These pieces originally appeared as a weekly column entitled “Lessons” in The New York Times between 1999 and 2003.
[ THIS ARTICLE FIRST APPEARED IN THE NEW YORK TIMES ON OCTOBER 27, 1999 ]
Shortage of Skills? A High-Tech Myth
We’ve got bipartisan agreement that our new high-tech economy demands radical education reforms. What worked once won’t work anymore.
As Al Gore puts it, 60 percent of new jobs will require advanced technological skills. Bill Bradley says school improvement is one thing we need to lead in the 21st century. George W. Bush demands reform because our new economy requires higher skills.
But it is not really true. Overall skill growth required by jobs of the future is modest. In fact, skill requirements are growing more slowly than in the past. School improvement may be a good idea, but we need better reasons for it than a false skills crisis because if we reform schools for the wrong reasons, we will reform them in the wrong ways.
Of course, schools must prepare young people for millions of new jobs. But, while technologically sophisticated jobs will grow, the biggest chunk of openings will be in services — and not very high-tech services at that.
In the next decade, about five million new jobs will be created for food workers, including kitchen help, waiters and waitresses. Another four million will be for cashiers and retail salespeople. More than three million will be for clerks. Two million will be for helpers, packagers and laborers. Openings for truck drivers will abound.
Managerial and professional occupations will also need more workers, but their numbers pale compared with openings requiring less education. Employers will hire more than three times as many cashiers as engineers. They will need more than twice as many food-counter workers, waiters and waitresses than all the systems analysts, computer engineers and database administrators combined.
How did we convince ourselves that schools must prepare an entire generation of young people who know calculus?
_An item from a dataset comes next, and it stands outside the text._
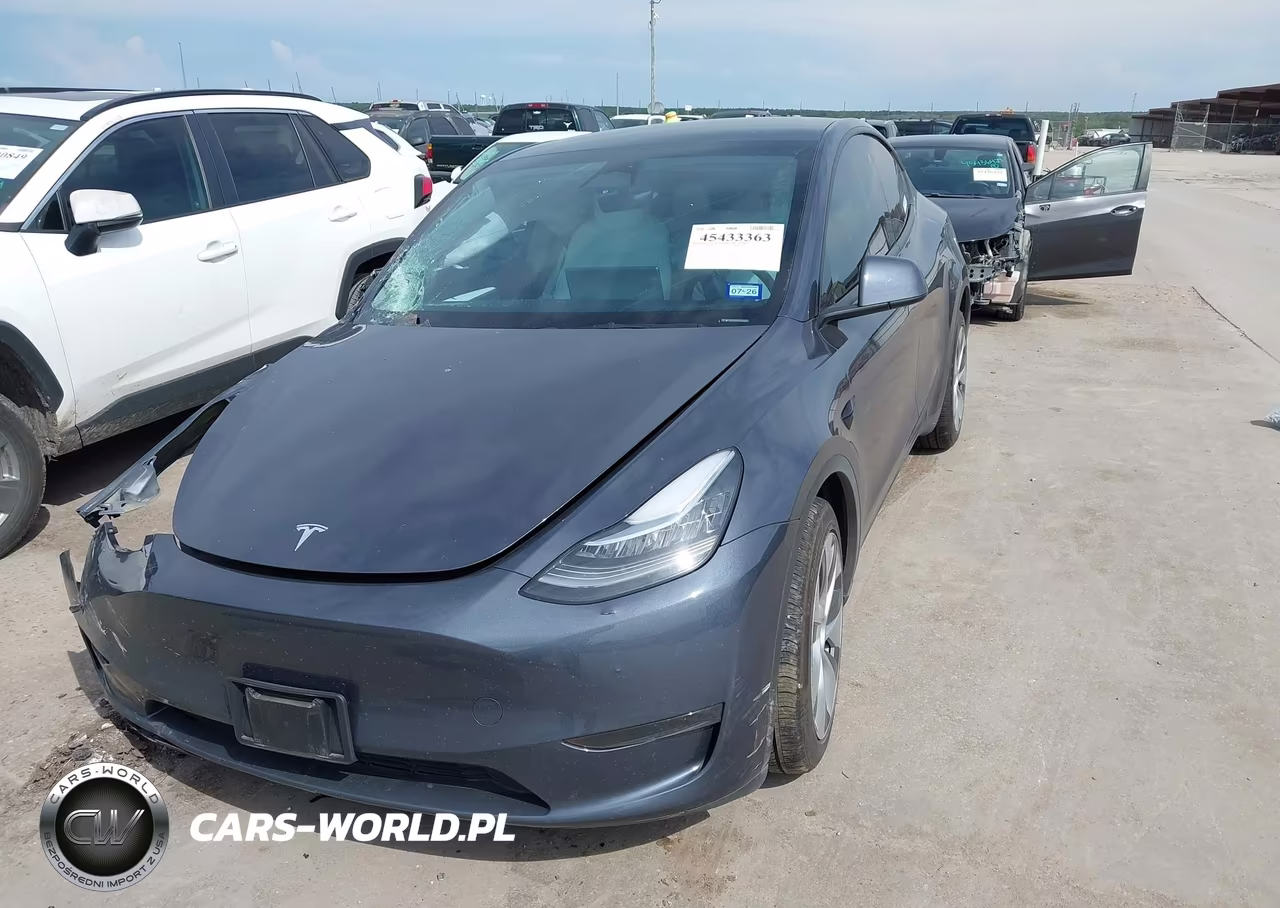 2023 Tesla Model Y Awd-Long Range Dual Motor All-Wheel Drive VIN:7SAYGDEEXPA098203 - 2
Partly, we have confused occupational growth rates with the number of new jobs. Computer engineering and science employment will increase by a whopping 100 percent, while food service grows by only 11 percent. But computer science is a relatively small field, so new positions generate rapid growth rates. There are more waitresses today, so smaller percentage growth yields more new jobs.
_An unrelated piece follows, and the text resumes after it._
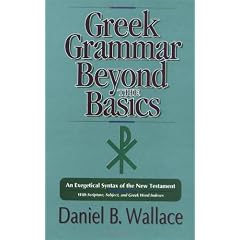 Greek Grammar Beyond Basics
We are also misled by a truism that more employees use computers at work. Computers often reduce skill levels. Think about supermarket cashiers using computers to scan bar codes. Many workers may need less education, not more, when jobs are computerized.
And we naturally focus on what is new, overlooking what is unchanged. Amazon.com may market in cyberspace, but it creates more jobs for warehousemen than for Web site designers. It takes no more education to drive a forklift at Amazon than at Kmart.
Of course, we do face some shortages in skills. But we also have many jobs where workers, including college graduates, are now overeducated for tasks they perform. And many shortages in skills are temporary. We don’t have enough engineers, but a decade ago we had too many. Students then, seeing few openings, switched to other fields, creating today’s shortage.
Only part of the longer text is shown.